Firebomb attacks on home, office of Hong Kong media tycoon

Firebomb attacks on the Hong Kong home and office of pro-democracy newspaper tycoon Jimmy Lai Monday have triggered new fears over the safety of outspoken media figures in the city.

Hong Kong: Firebomb attacks on the Hong Kong home and office of pro-democracy newspaper tycoon Jimmy Lai Monday have triggered new fears over the safety of outspoken media figures in the city.

The twin attacks in the early hours of the morning came as tension remains high in the southern Chinese city after more than two months of protests for free leadership elections, which ended when rally camps were cleared in December.

Lai was targeted during the protests by a group of men who threw rotten meat at him and printworks producing his outspoken Apple Daily newspaper were repeatedly attacked.

Other journalists and media workers have also been targeted including the former editor of liberal newspaper Ming Pao who was stabbed in the street in broad daylight last February.

"Anti-democratic forces in Hong Kong keep resorting to violence," Lai`s spokesman Mark Simon told AFP. 

"Violence and intimation seem to be the ongoing currency for those opposed to democracy and free press. There is no other plausible explanation here."

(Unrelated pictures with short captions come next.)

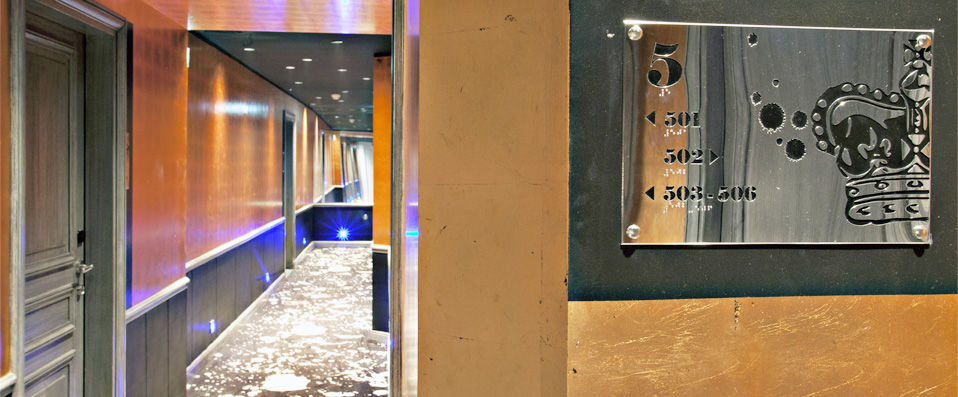 Champs Elysées Mac Mahon ★★★★★ - Large rooms and Empire-style luxury, all within sight of the Arc de Triomphe. - Paris, France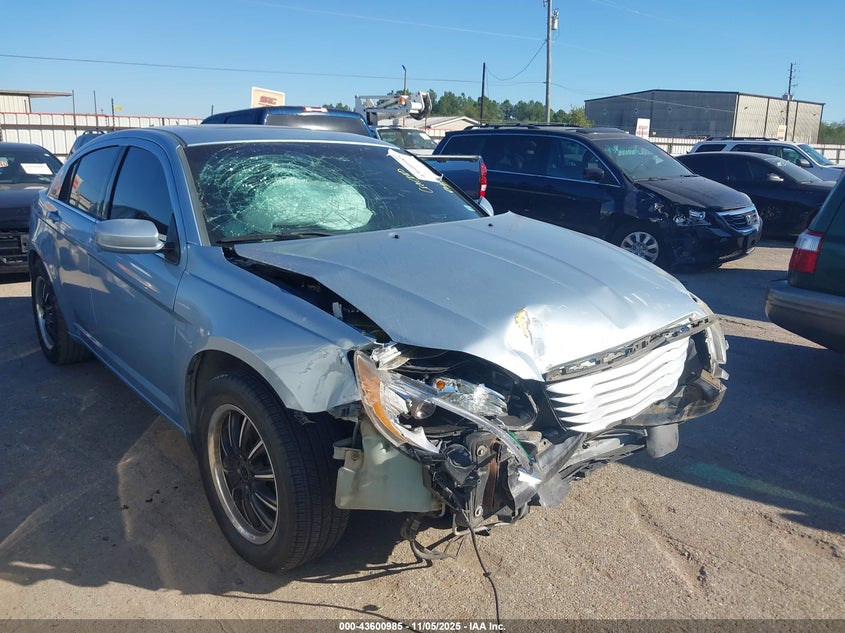 CHRYSLER 200 TOURING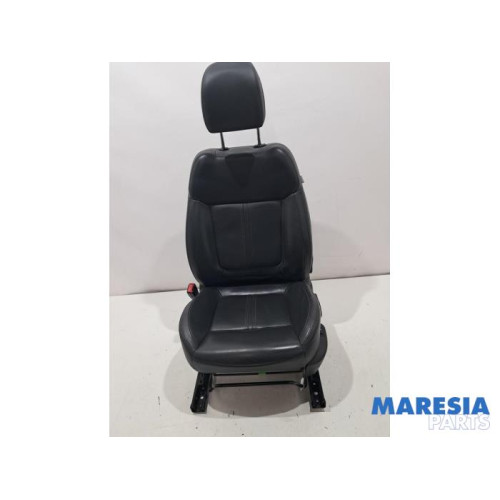 Peugeot - 3008 - Sitz links
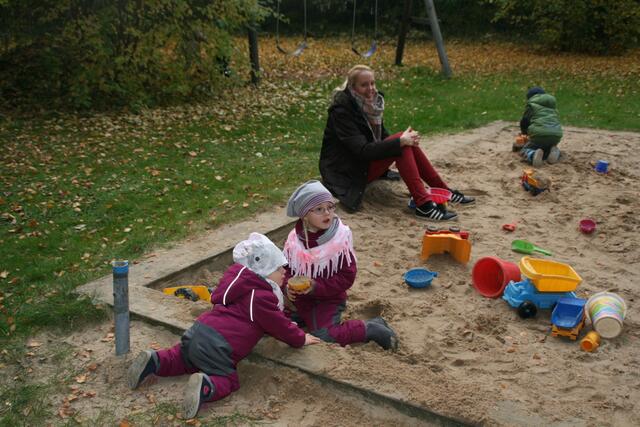 obwohl schon am Morgen  musste  der Sandkasten nochmals herhalten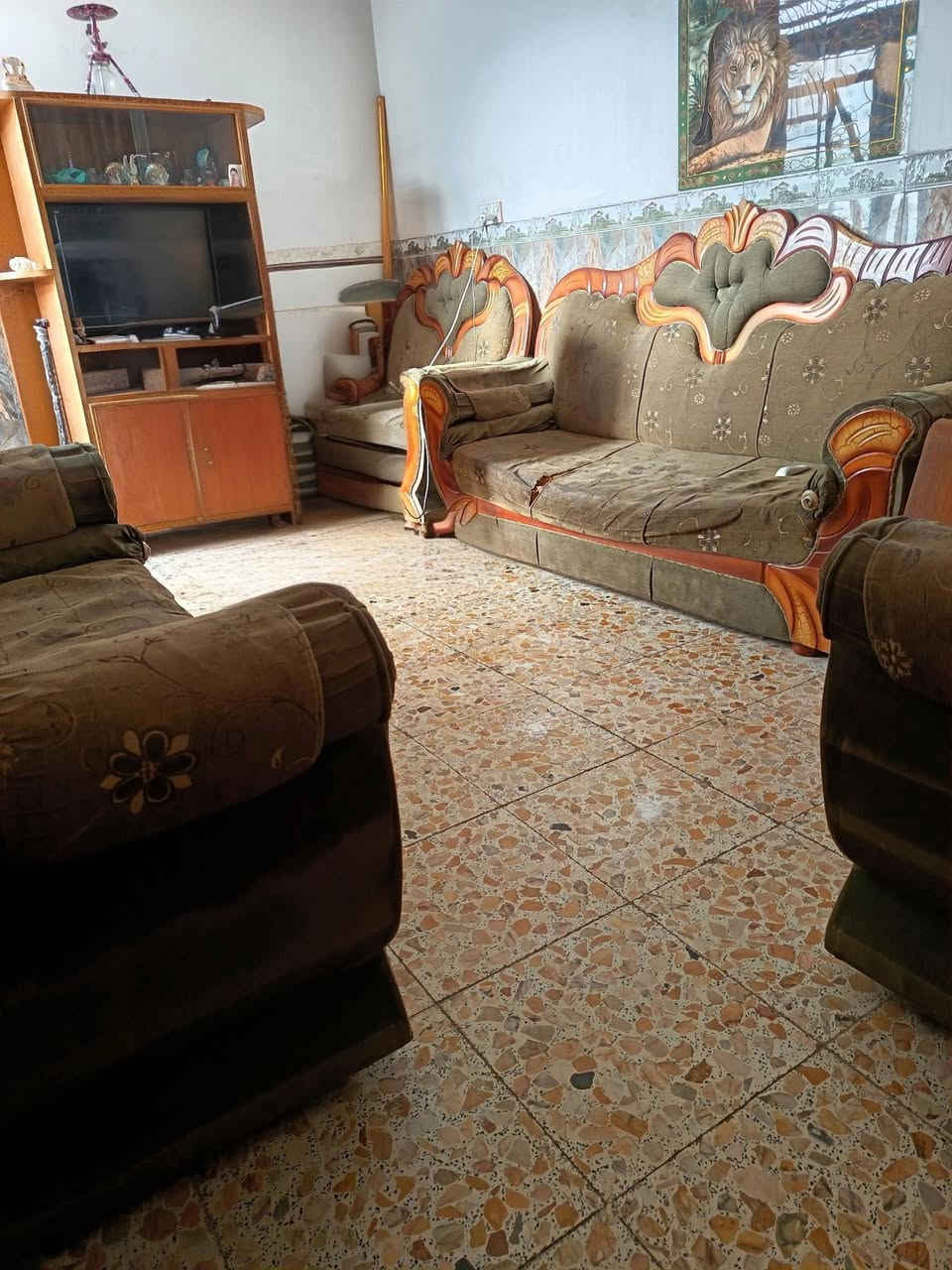 بَـيت للبَـيع.
الموقع:  حي البكرلي - حسينية السفير - حيث تتوفر جميع الخدمات. 

التفاصِيل: 

المساحة: 80 مَـتر، زراعي. 

يتكون من طابقين
الطابق الأول: يتكون من هول - مطبخ - غرفة - استقبال - طارمة
الطابق الثاني: يتكون من غرفة كبيرة الحجم تحتوي على حمام داخلي
كما يحتوي على سطح 

السعر: تجون وبيكم خير وتدللون. 
رقم الهاتف: ***********
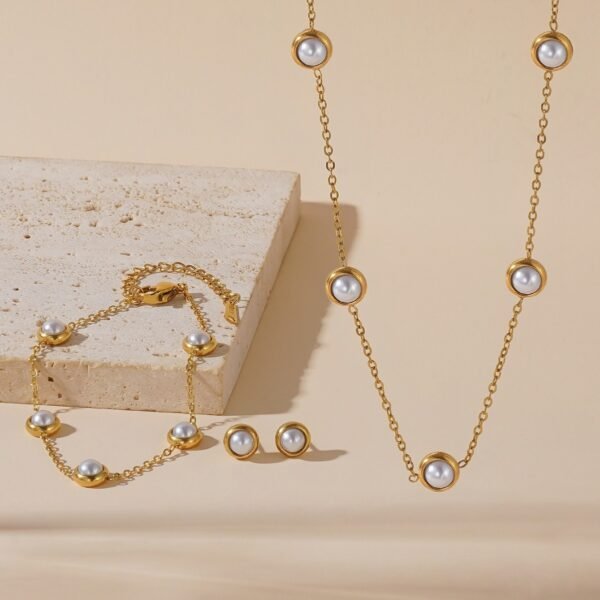 Set dorado con perlas blancas acero inoxidable chapado en oro 18k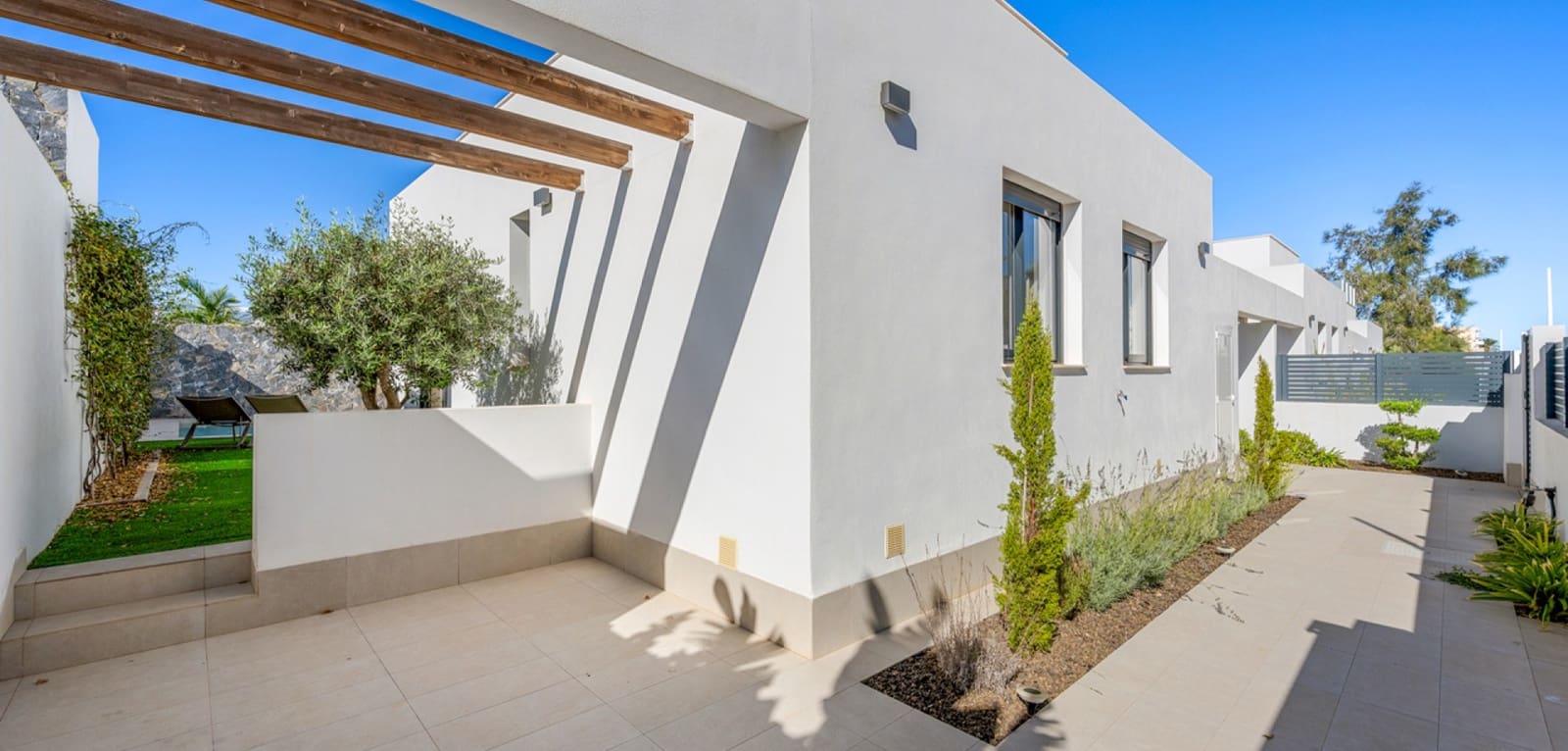 3 bedroom Villa for sale in Mar de Cristal with pool - € 470,000 (Ref: 9363269)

Monday`s two almost simultaneous attacks were reported just before 2:00 am (1800 GMT) at Lai`s home and the Next Media headquarters, which publishes Apple Daily, according to a police spokeswoman.

"The cases have been classified as arson. We are still verifying the details," the spokeswoman told AFP.

Security camera footage uploaded to the Apple Daily website shows a masked man throwing a flaming glass bottle towards the gate of Lai`s mansion in upmarket Ho Man Tin. It explodes on the ground outside as the suspect flees in a car.

Footage from outside the Next Media headquarters in a suburban industrial park also shows a flaming bottle thrown towards the building entrance and smashing on the ground.

There were no reports of injuries. Simon said the attacks were "more depressing than shocking" for Hong Kong and the free press. 

He added that Lai, 66, had been told of what happened and quickly went back to bed.

"He is psychologically prepared for anything. It`s Jimmy Lai," Simon told AFP.

The South China Morning Post newspaper reported that two cars suspected to have been used in the attacks were later found torched.

No arrests have been made so far, police said.

The firebombings take place against a backdrop of increased vigilance at media organisations across the globe in the wake of the deadly attacks on the Charlie Hebdo satirical magazine in Paris.

Simon emphasised that they "in no way compared" to those in France but voiced his fears over the violence.

"Peaceful disagreement has been a norm in Hong Kong for so long. Pro-government supporters should really think twice about this kind of violence being imported to Hong Kong over political issues."

Lai was a regular visitor to the protest camps in Hong Kong which brought parts of the city to a standstill.

He was arrested at the clearance of the main Admiralty camp and has been asked to appear at a police station later this month to help with the investigation into the demonstrations.

Police have promised to target the "principal instigators" of the protests which called for full democracy after China declared that candidates for the city`s leadership election in 2017 would be vetted by a loyalist committee.

Lai stepped down as chairman of Next Media in December following his arrest, citing his desire to spend more time with his family. He is still a major shareholder of the company.